- Opening Delimiter -

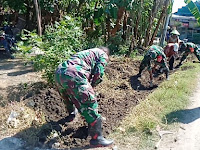 TNI-Polri dan Warga Pamulihan Brebes Normalisasi Drainase dan Bersihkan Sampah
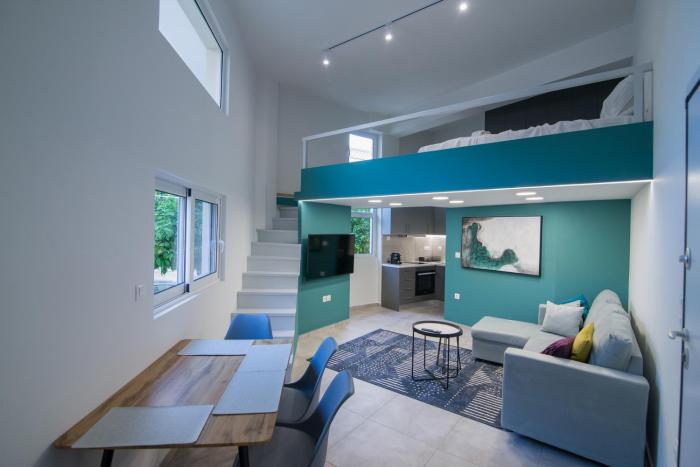 Modern OCL LOFTS by Live&Travel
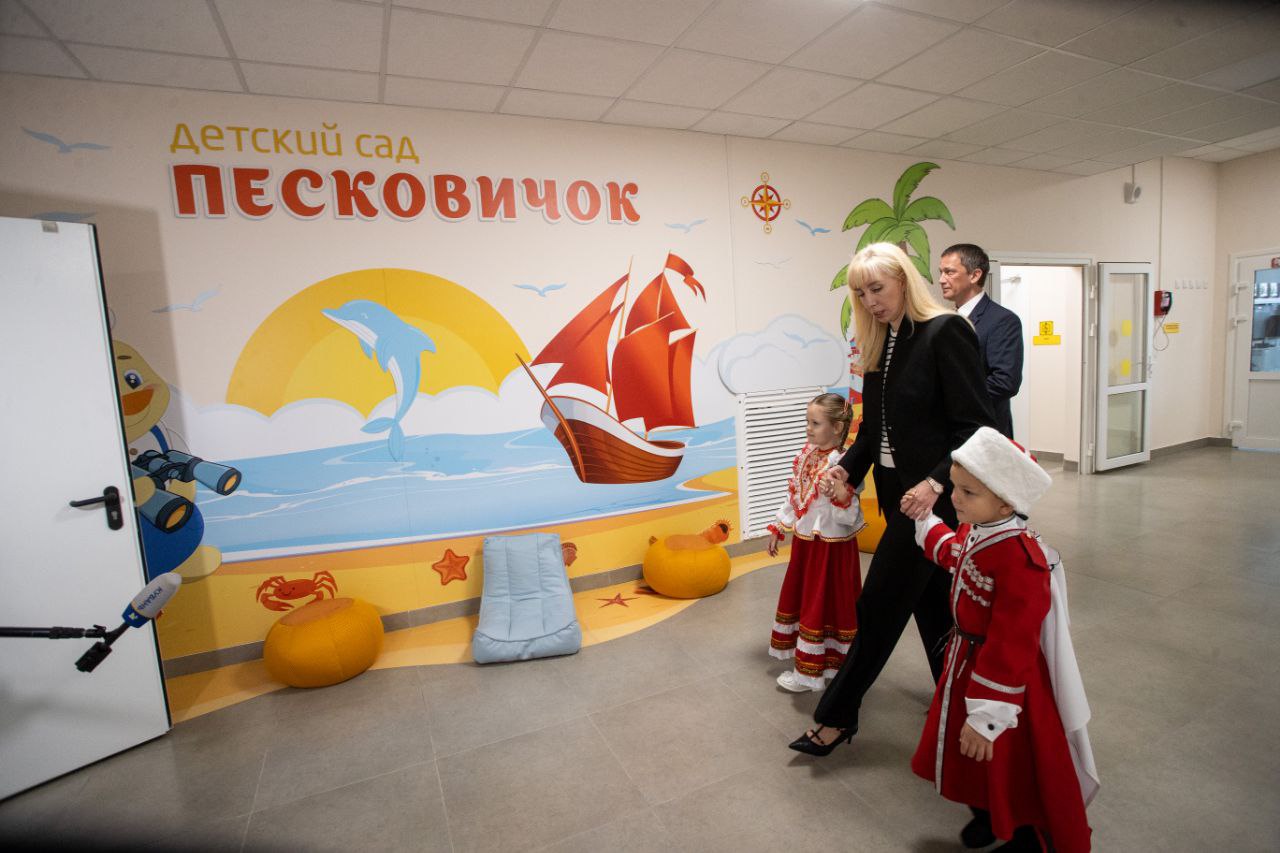 В Витязево открыли детсад «Песковичок» на 240 мест В Витязево открыли детсад «Песковичок» на 240 мест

- Closing Delimiter -

Work item: Print each line of the material above exactly, with the pictures removed from your copy.

Exercise response:
 TNI-Polri dan Warga Pamulihan Brebes Normalisasi Drainase dan Bersihkan Sampah
 Modern OCL LOFTS by Live&Travel
 В Витязево открыли детсад «Песковичок» на 240 мест В Витязево открыли детсад «Песковичок» на 240 мест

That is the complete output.